Declared a “Former Person” by the Bolsheviks for the crime of being born an aristocrat, Count Alexander Rostov is narrowly spared from death and is instead condemned to a life sentence of house arrest in the Hotel Metropol, where he lives his next 32 years.
The challenge for the Count is to keep the walls of the hotel from closing in and crushing his existence. Thankfully, he is of the disposition to adapt and play the hand he is dealt to the best of his ability. As he relates towards the end of the novel, “If one did not master one’s circumstances, one was bound to be mastered by them; and … the surest sign of wisdom is constant cheerfulness.”
Since the reader is, in essence, trapped in this situation with the Count, it is vital that he be a pleasant companion. With an immense appreciation of the ironic, Count Rostov’s clever and witty appraisals of his daily life make a harmonious whole when combined with his refined taste in absolutely everything, from his palate to his preferences in music. The decades pass with the Count creating an entire world out of a hotel that continues to open wider and fuller to reveal more and more aspects of both the physical space and the interesting people found within it. By the novel’s end, the reader does not want to leave these characters that have become dear friends.

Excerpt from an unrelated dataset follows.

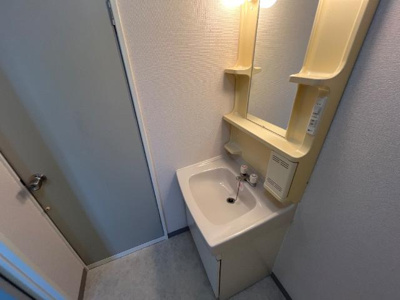【洗面所】 | フォレストえつ葉 | 洗面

The story also highlights the many absurdities of the communist regime in Russia — at one point, all of the wine bottles in the hotel are stripped of their labels in an effort to make everything fair and equally accessible to all.
Towles also plays with several elements of form in writing this novel. Every chapter name begins with the letter “A,” and the structure of the novel takes the shape of a diamond on its side in two distinct ways. “From the moment the Count passes through the hotel’s revolving doors, the narrative begins opening steadily outward,” explains Towles. “Over the next two hundred pages, detailed descriptions accumulate of people, rooms, objects, memories, and minor events, many of which seem almost incidental. But then, as the book shifts into its second half, the narrative begins to narrow and all of the disparate elements from the first half converge. Bit characters, passing remarks, incidental objects come swirling together and play essential roles in bringing the narrative to its sharply pointed conclusion.”

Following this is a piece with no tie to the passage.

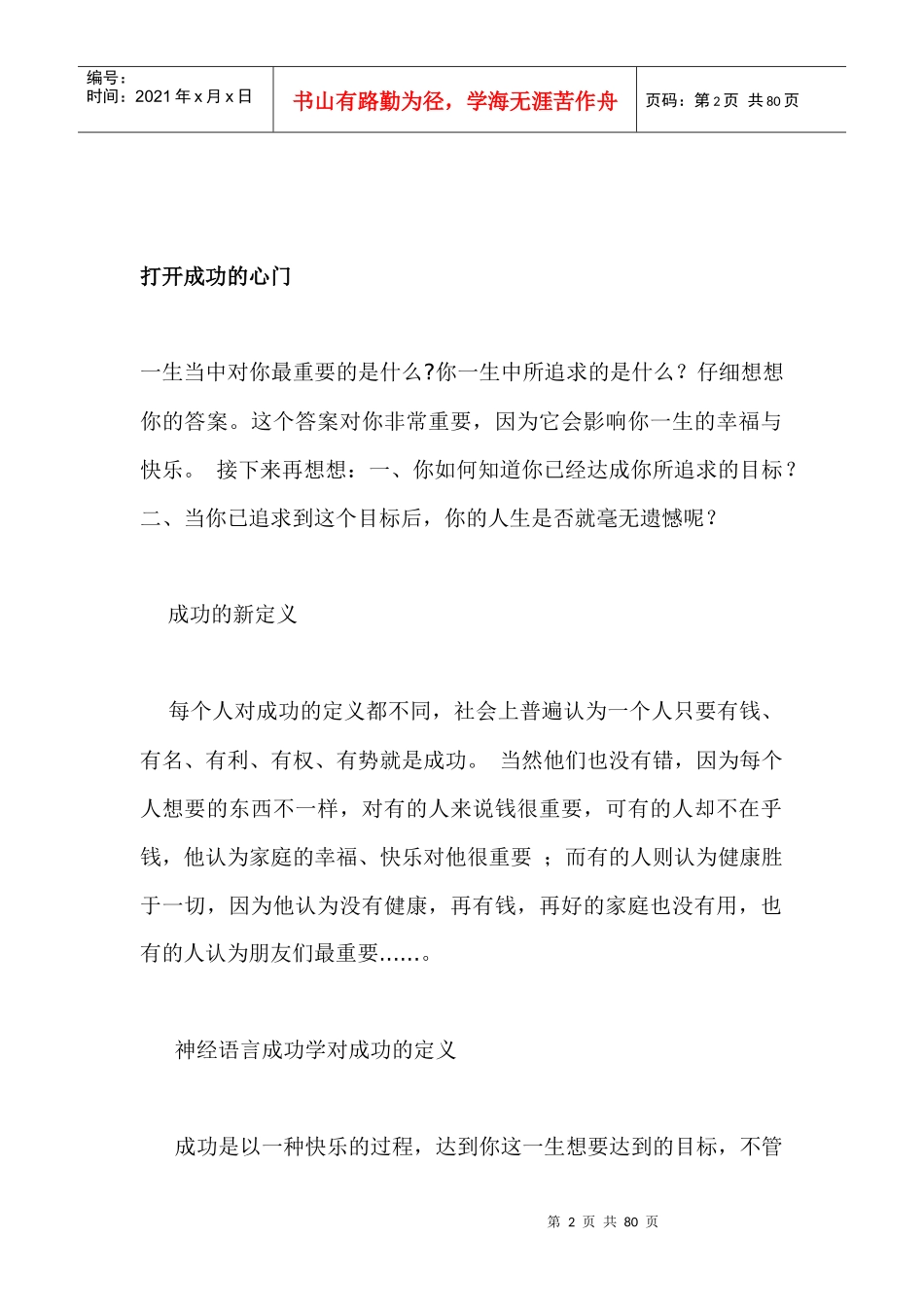 中国直销精英心灵成长训练课程_第2页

The chronology of the book also adheres to this same geometrical outline, as the period of time elapsed between chapters follows a doubling principle: one day after his house arrest begins, two days after, five days, 10 days, et cetera, until 16 years have passed. At this midpoint, Towles begins to move back down with the narrative then leaping eight years, four years … all the way until the time between chapters is again days, and then finally, the last day.
Towles explains, “We get a very granular description of the early days of confinement; then we leap across time through eras defined by career, parenthood, and changes in the political landscape; and finally, we get a reversion to urgent granularity as we approach the denouement. As an aside, I think this is very true to life, in that we remember so many events of a single year in our early adulthood, but then suddenly remember an entire decade as a phase of our career or of our lives as parents.”
This book reads like a glass of fine wine, to be sipped slowly and appreciated, and to be returned to again and again.